Too Much Information
Q: My inbox is filled with wise quotes, thought-provoking and reflective questions, positive thoughts and encouragement. I read books that help me to calm myself and use both parts of my brain together to create inner harmony. But during the bustle of the day, that often goes out the window and I find it hard to do such things like guide my mind to ask thought-provoking, positive process-starting questions. There's several questions that arise from this phenomenon. Why does this happen? Is there really anything I can do about it?
A: I think part of the difficulty may lie in the fact that reading quotes, thought-provoking questions and books is sort of like reading a menu and thinking you've tasted the food. Reading is essentially an intellectual exercise that excites the brain. This isn't a problem in and of itself, but have you ever thought about where all those thought-provoking questions and such came from? I'd bet you a dollar that they came from deep introspection and meditation, not from reading other books and quotes.
We get this in Ch'an and Zen all the time. People who've read a lot of Ch'an and Zen books come to our temple thinking that they know all about it, not realizing that the people who wrote all the Zen books were meditators first! Their books were based on their deep meditative experience, not on intellectualizing or good-sounding quotes. Again, it's not that intellectualizing or having thought-provoking quotes are bad things, but it pales by comparison to the meditative mind itself. What westerners have a difficult time realizing sometimes is that the brain is not the mind.
I believe that the reason you have difficulty guiding your mind at this stage is because your head is far too busy processing all the information you've been feeding into it. This creates a lot of movement and chatter, which is not conducive to insight. When the chatter in your head meets the clatter of life, it just creates more clatter and chatter.

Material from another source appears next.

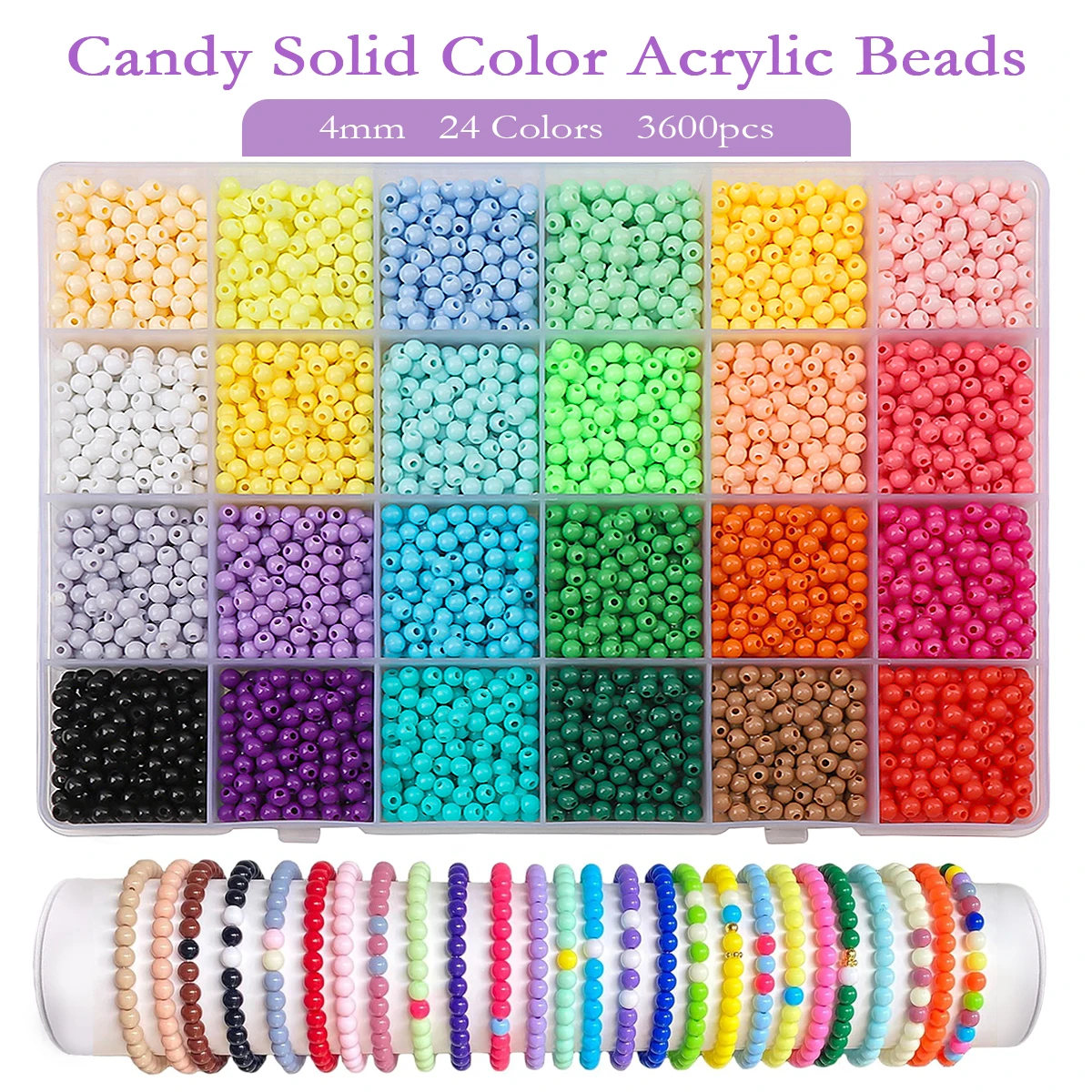 

4mm 3600pcs Candy Color Acrylic Beads 24 Colors Solid Color for DIY Jewelry Making Bracelet Necklace Craft Hole 1mm 5g/grid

I would humbly suggest that you engage in some kind of meditative practice. Meditation helps to calm and focus the mind so that you gain a great deal of insight into yourself and into life itself. Meditation is work: it involves discipline, energy, sincerity and patience, but it is the gateway to an understanding that is far greater than any book, quote or question can provide. This kind of understanding is invaluable when it comes to living one's life in harmony with others because you can't truly harmonize with others until you are harmonized yourself.